Speaking at the National Bank of Hungary’s Eurasia Forum in Budapest on Thursday, Orbán said the first years after the political regime change of 1989 had been dominated by the ideal of the Western self-correction system which was believed to “guarantee our strategic security in the long run”. But in 2008-2009 it became obvious that “the financial crisis was in fact a logical consequence of deep changes in the global economy radically impacting geopolitical relations,” the prime minister said. That is why, Orbán added, Hungary’s focus has partly shifted to the East.

orbán matolcsy budapest eurasia forum (1)
Photo: MTI/Miniszterelnöki Sajtóiroda/Benko Vivien Cher

Hungary ‘must be sharp, swift, smart’

Hungary must be “sharp, smart and swift”, open to the world and “must constantly think on its feet to grasp the right moment for necessary decisions”, Orbán said. “Timing is the main thing in politics … politics is the realm of practical implementation, and that hinges on timing,” Orbán said. “For a country the size of Hungary, missing the right time could be lethal.”

“A country the size of Hungary can’t be slow, dumb or boring, it cannot be a follower or rely on others’ understanding or interpretation … if it wants to live at the standards we want and live up to traditions like our 1,000-year history, it must be sharp, swift and smart, open to the world…” he said.

Europe ‘losing out on world changes’

Europe is losing out on the changes in the world, and “it could remain that way in the long run unless it finds its place in its relationship with Asia,” the PM said. “If it is true that the next century belongs to Eurasia, we must notice that Europe can’t find its place in that system,” Orbán said.
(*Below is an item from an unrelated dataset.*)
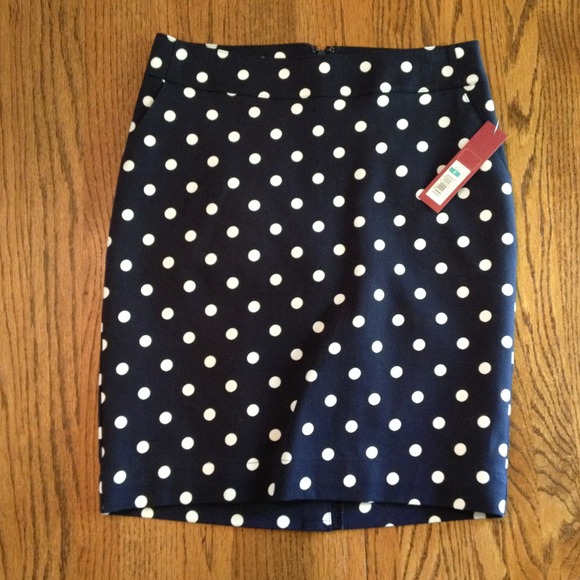 SOLD BUNDLED! NWT Navy/White Polka Dot Mini Sz 2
He said some Western leaders failed to see Eurasia’s importance, while others “see it but don’t like it”.

He said the European elite was set up to protect the status quo, which could lead to blocs forming in trade, the economy and politics. Unless Europe can pivot to an approach promoting connectivity, its status as the loser in the new processes could be cemented, he said. “Europe must understand that it is part of Eurasia and use that to its advantage, as that is the only way to be competitive with other power hubs in the world,” he said.
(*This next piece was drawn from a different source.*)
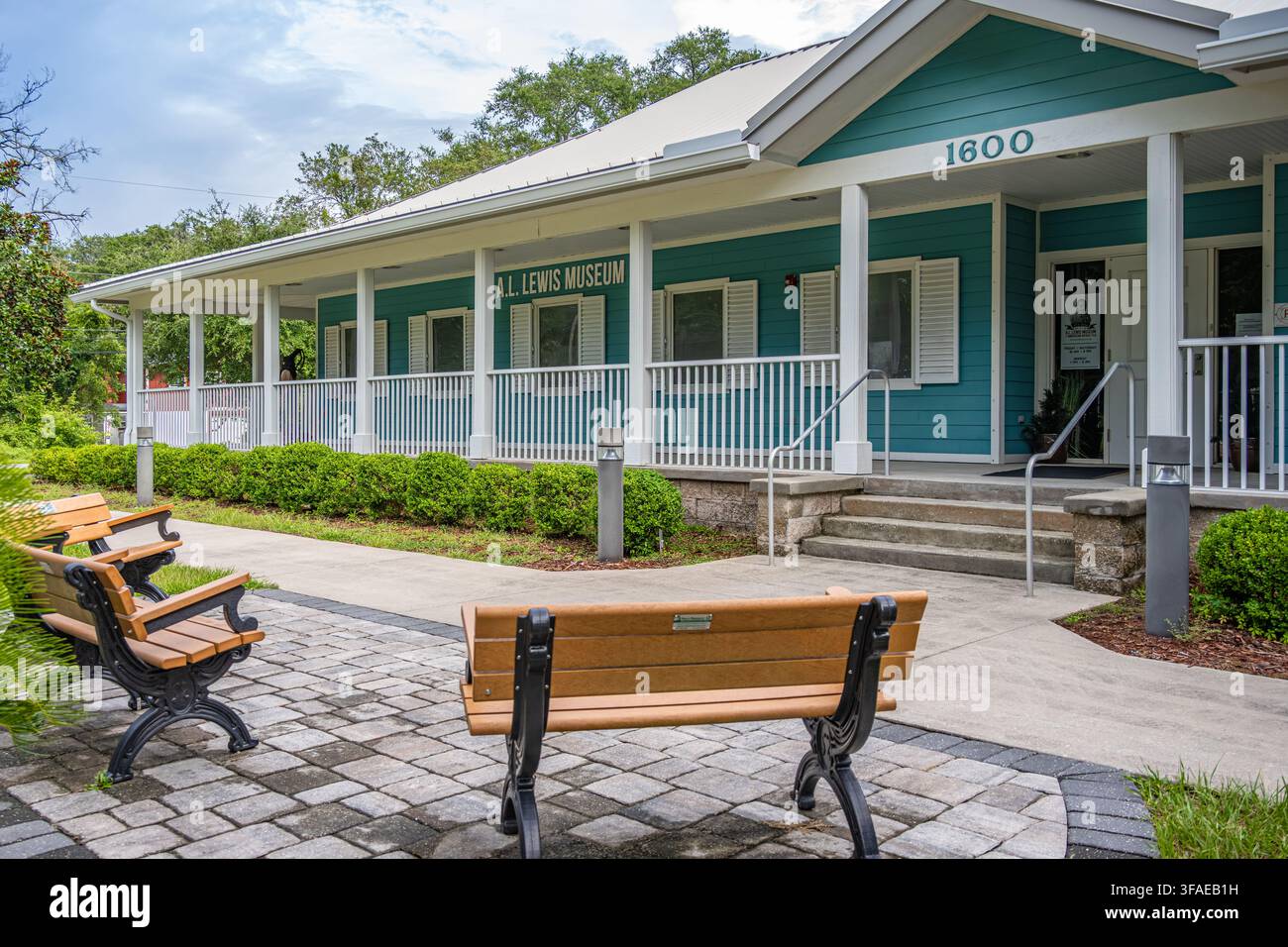 Il museo A.L. Lewis ad American Beach, un museo di storia afroamericana su Amelia Island a Fernandina Beach, Florida. (USA) Foto Stock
Current changes ‘reversal rather than restructuring’

“What is happening nowadays is reversal rather than restructuring,” Orbán said, adding that “Europe and Asia in fact are an integral unit”.

Europe and Asia are not divided by geographical borders and historically, they have formed “a natural economic unit, complementing each other”, Orbán said. “Regions where civilisation, culture and economy thrived the most lived side by side here,” Orbán added.
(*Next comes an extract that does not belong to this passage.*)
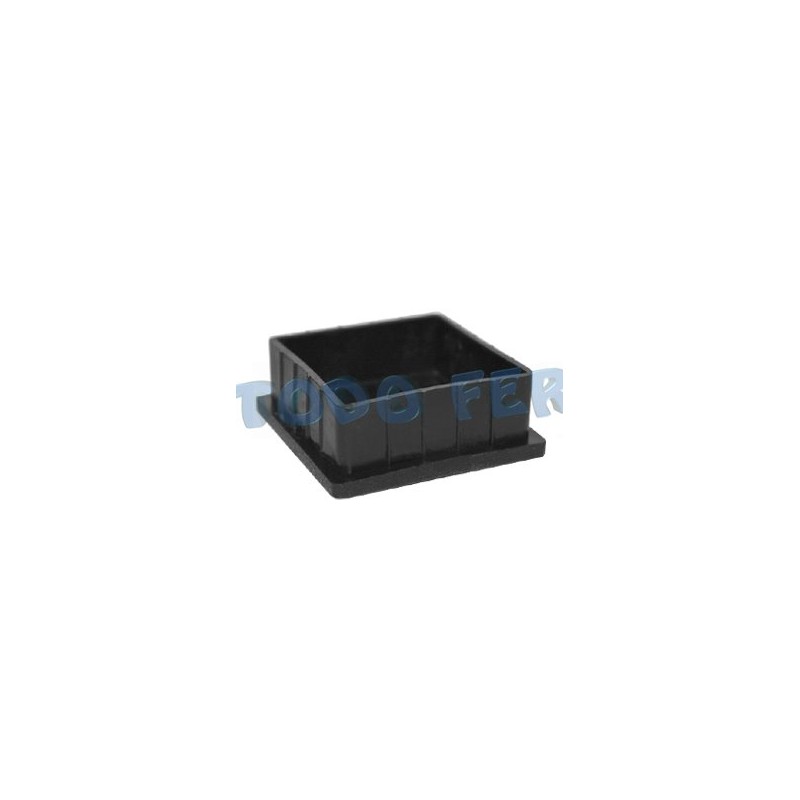 REGATON PLAST. CUAD. 40X40 NEGRO (25U)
Eurasia, as a natural economic unit, was hindered in past centuries by the focus of world trade shifting to the seas, and in the resulting dominance of Western civilisation, he said, adding that the trend removed a balance between civilisations to the West’s benefit. A third hindrance, Orbán said, was the Western elite’s decision after the Cold War “not to restore an organic Eurasian unity but to westernise the whole world”.

“We all feel that this attitude, this Western strategy, including Europe’s, is invalid and futile; something has ended here,” he said.